### EXERCISE BRIEF
Exactly the lines from the line that has "All right, this" through the final line below are to be retyped, and the pictures are not.

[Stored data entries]

——

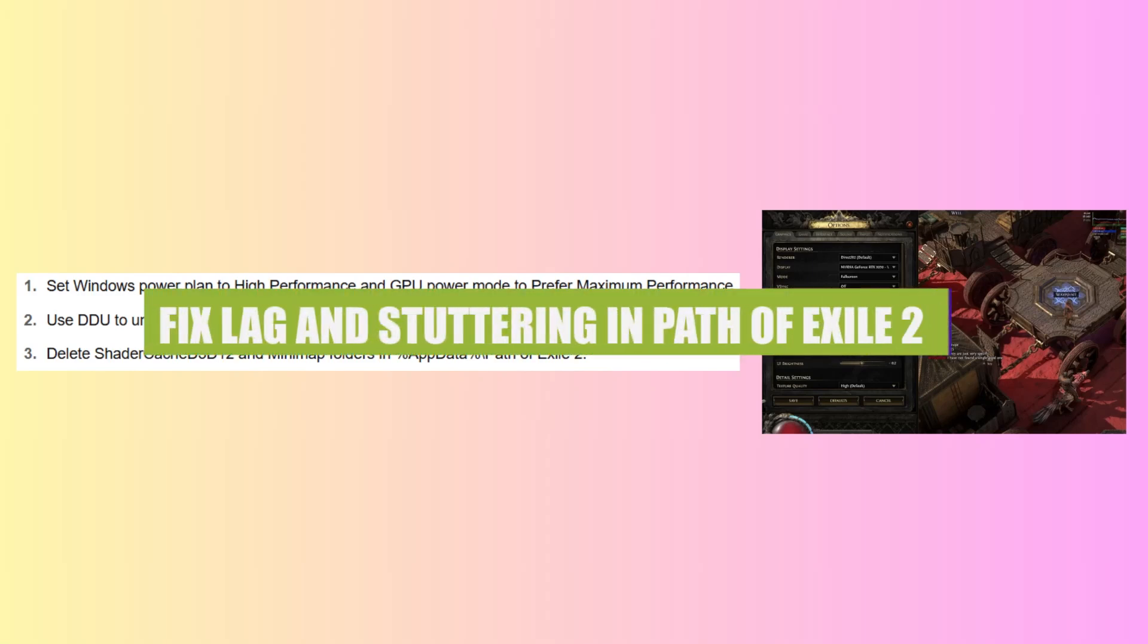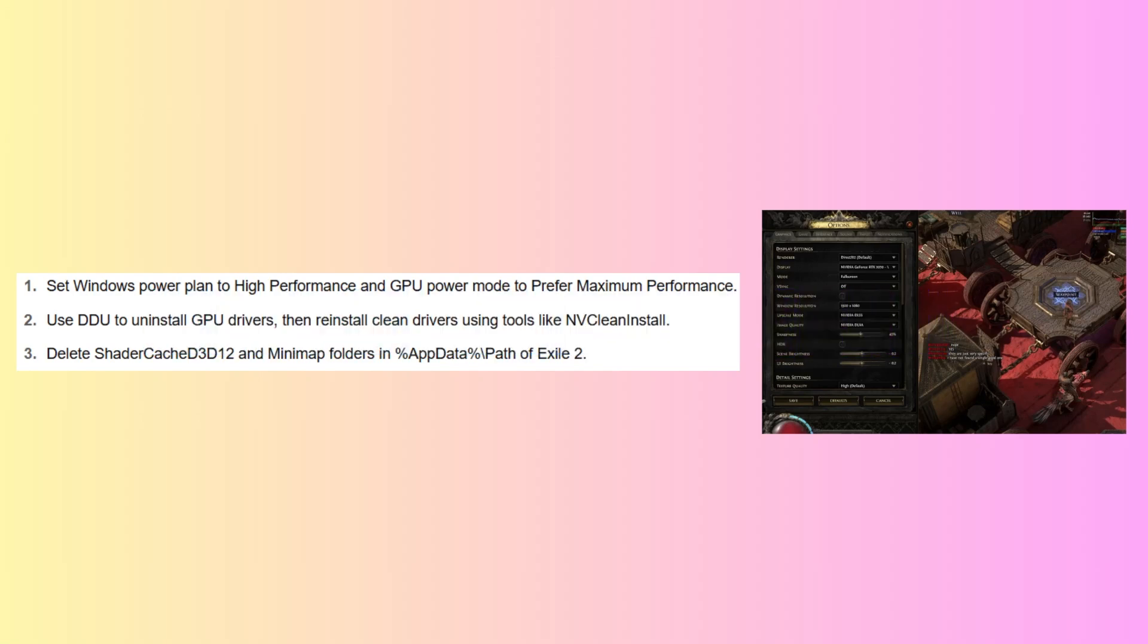Hello everyone and welcome to the channel! In this video, I will show you exactly how to fix lag and stuttering in Path of Exile 2.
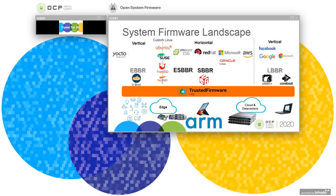All these recipes probably make more sense as we look at the system firmware landscape today. We originally have the sBBR specification, which requires UEFI, ACPI, and SMBIOS interfaces, and it was created originally for the server market. The operating systems requiring sBBR include Red Hat, Microsoft Windows, and some others like AWS, Amazon Linux, Oracle Linux, and VMware ESXi. Many other operating systems can also support sBBR — like Ubuntu, SUSE, FreeBSD, and NetBSD. So sBBR supports a wide variety of operating systems today.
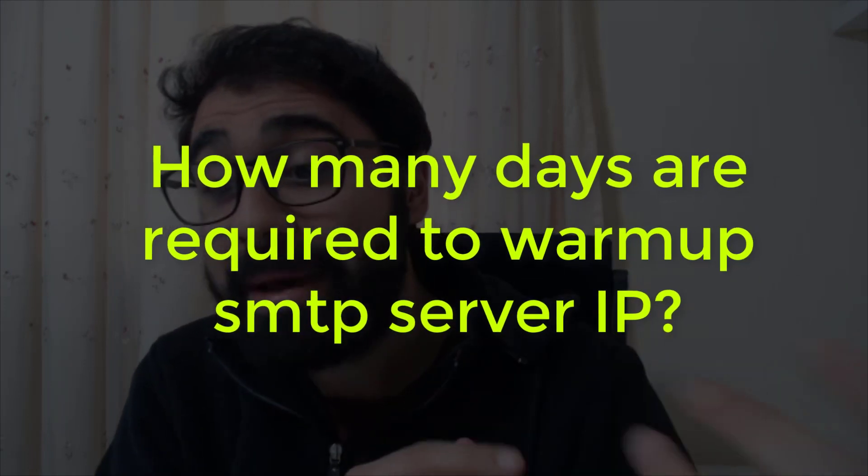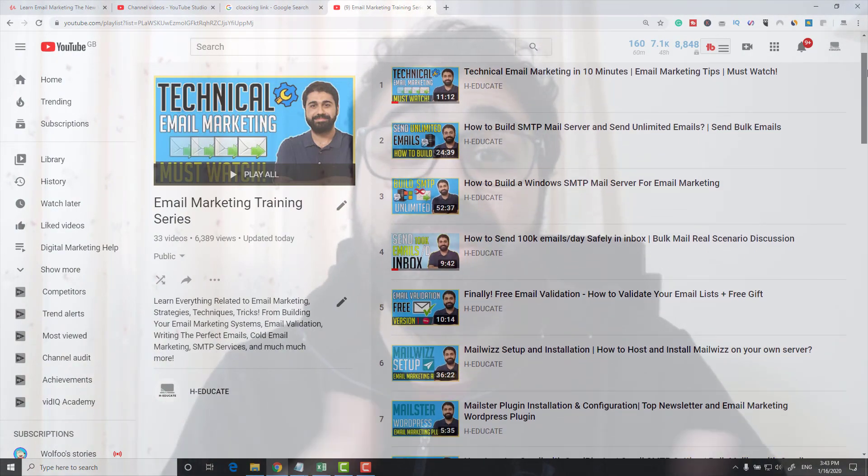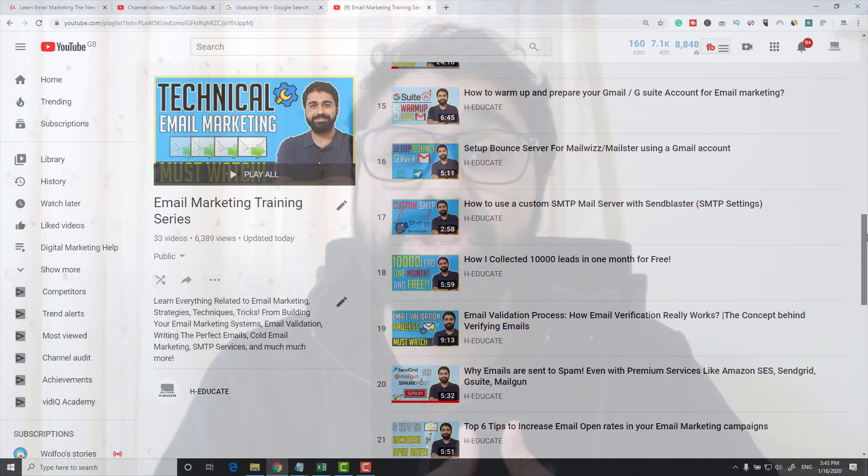The third question says, how many days does an IP address need to be warmed up? I think he means how many days do I need to warm up my SMTP server. There is no direct answer to this — it depends on your own server, your list, your reputation, and your scenario. I created a full video about warming up that you can find here on my channel. Almost all these questions I have answered in my email marketing playlist, so please go and check it.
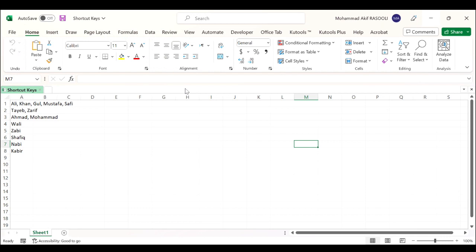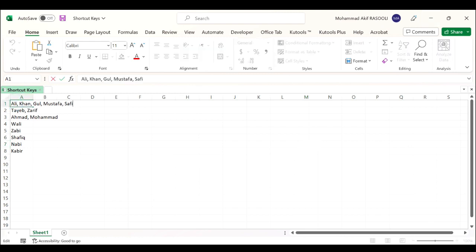From now on, when selecting a cell or pressing the Enter key to move to the next cell in this worksheet, it will get into the editing mode automatically. As you can see, I will click the cell and it will automatically go to the editing mode.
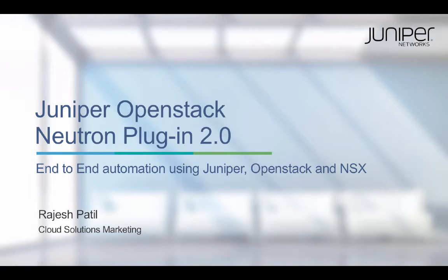Welcome to 2.0 version of Juniper's OpenStack Neutron plugin demo. I'm Rajesh Patil, part of Cloud Solutions marketing team.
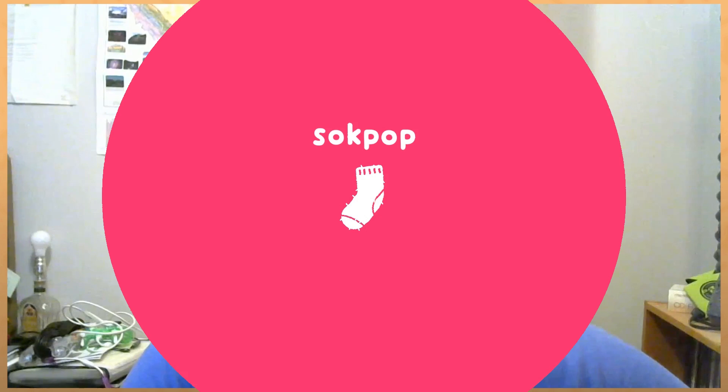You're watching a video promoting the Patreon for Sockpop Collective, a group of indie game developers who for the last year and a half have been releasing two game jam style games every month.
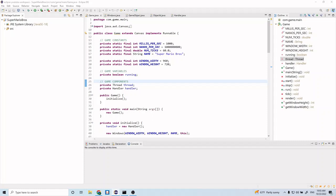Alright guys, what is up? Your friendly programmer here, back with another video. Today we're going to be creating the player class and connecting it to our handler class that we made last time. The player class is going to represent our Mario character in this game, which is going to be you. So with that, let's get right into building this player class.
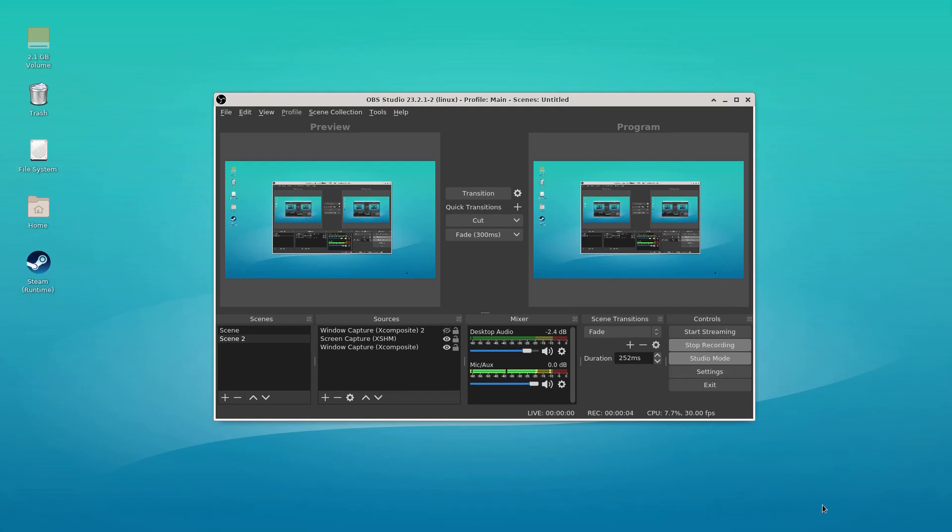All right, this is going to be a brief introduction on how you can use OBS capturing multiple input sources and being able to separate them in the output file.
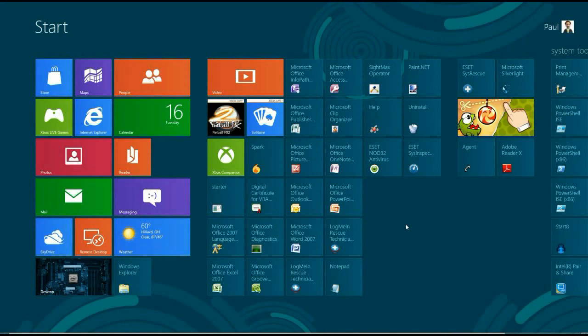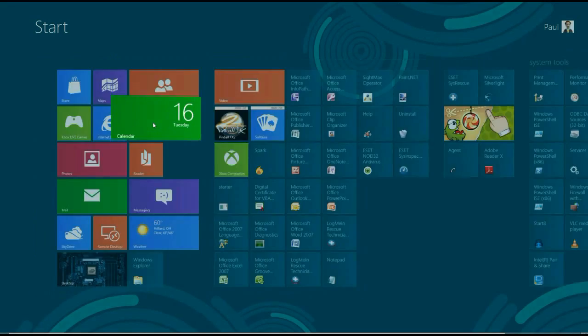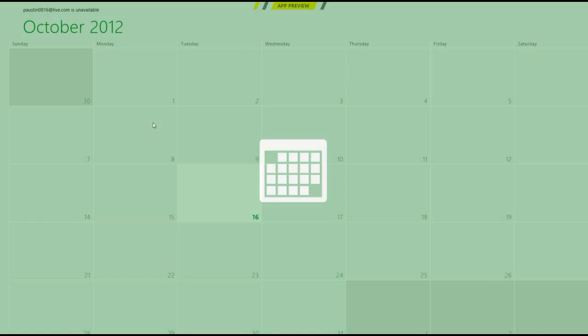To get started, we're going to open up an application so I can show you how to close it. Let's open up the calendar.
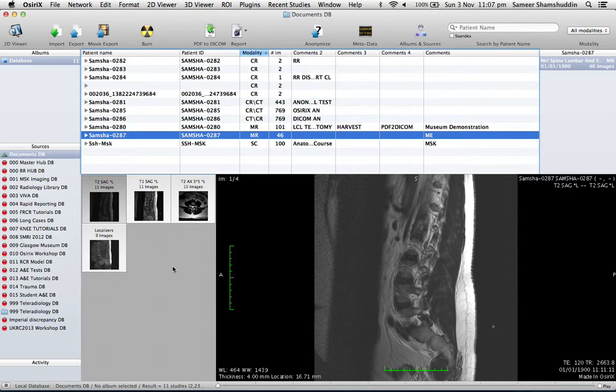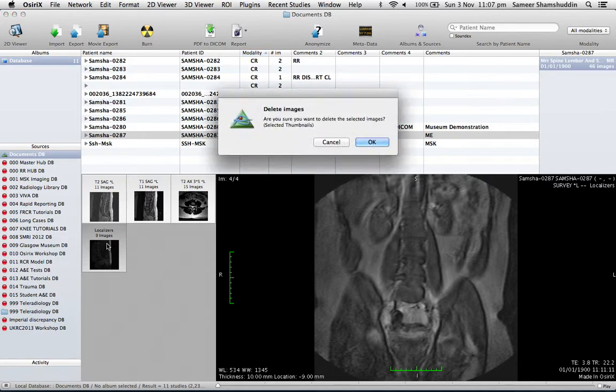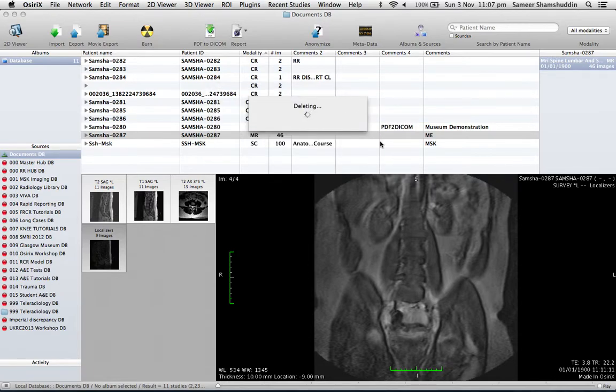I do not want the localizers, so what I would do is select the localizer by clicking on that particular series and hit backspace, which will prompt me to say 'Do you want to delete these images?' Just click yes.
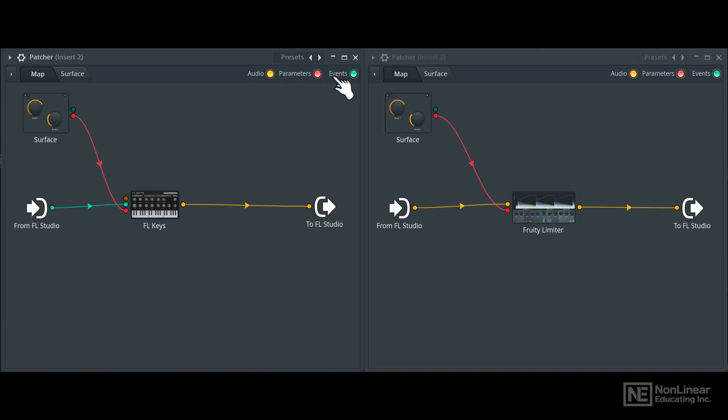You can see up top here, there are three signal types: audio, parameters, and events, represented by the three colors. You can hide each type of connection by just clicking here.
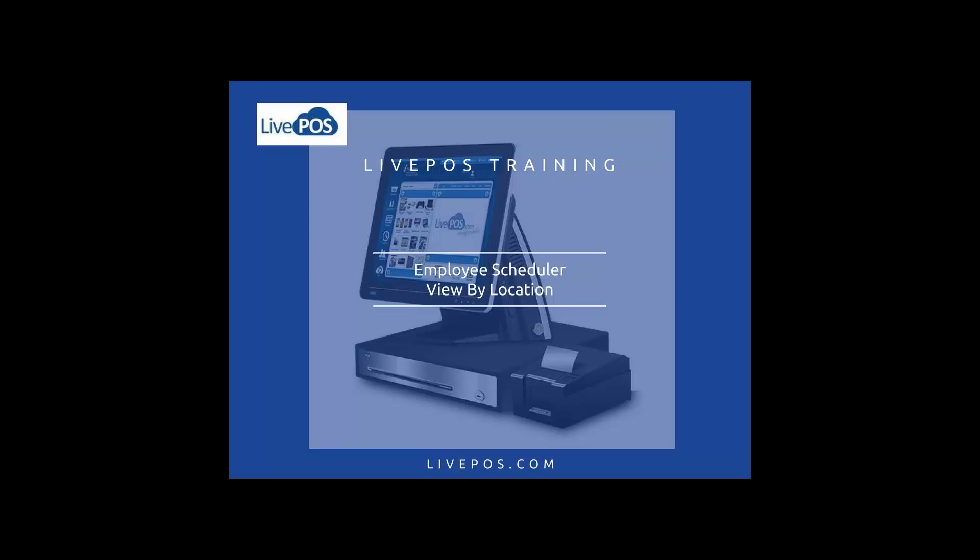Welcome to the Live POS training series. Live POS is a cloud-based retail management solution for businesses of all sizes. In this tutorial we will explain how easy it is to keep track of employee schedules for a specific location within Live POS.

——

### WRITTEN ANSWER
All right, this is going to be a brief introduction on how you can use OBS capturing multiple input sources and being able to separate them in the output file.
To get started, we're going to open up an application so I can show you how to close it. Let's open up the calendar.
I do not want the localizers, so what I would do is select the localizer by clicking on that particular series and hit backspace, which will prompt me to say 'Do you want to delete these images?' Just click yes.
You can see up top here, there are three signal types: audio, parameters, and events, represented by the three colors. You can hide each type of connection by just clicking here.
Welcome to the Live POS training series. Live POS is a cloud-based retail management solution for businesses of all sizes. In this tutorial we will explain how easy it is to keep track of employee schedules for a specific location within Live POS.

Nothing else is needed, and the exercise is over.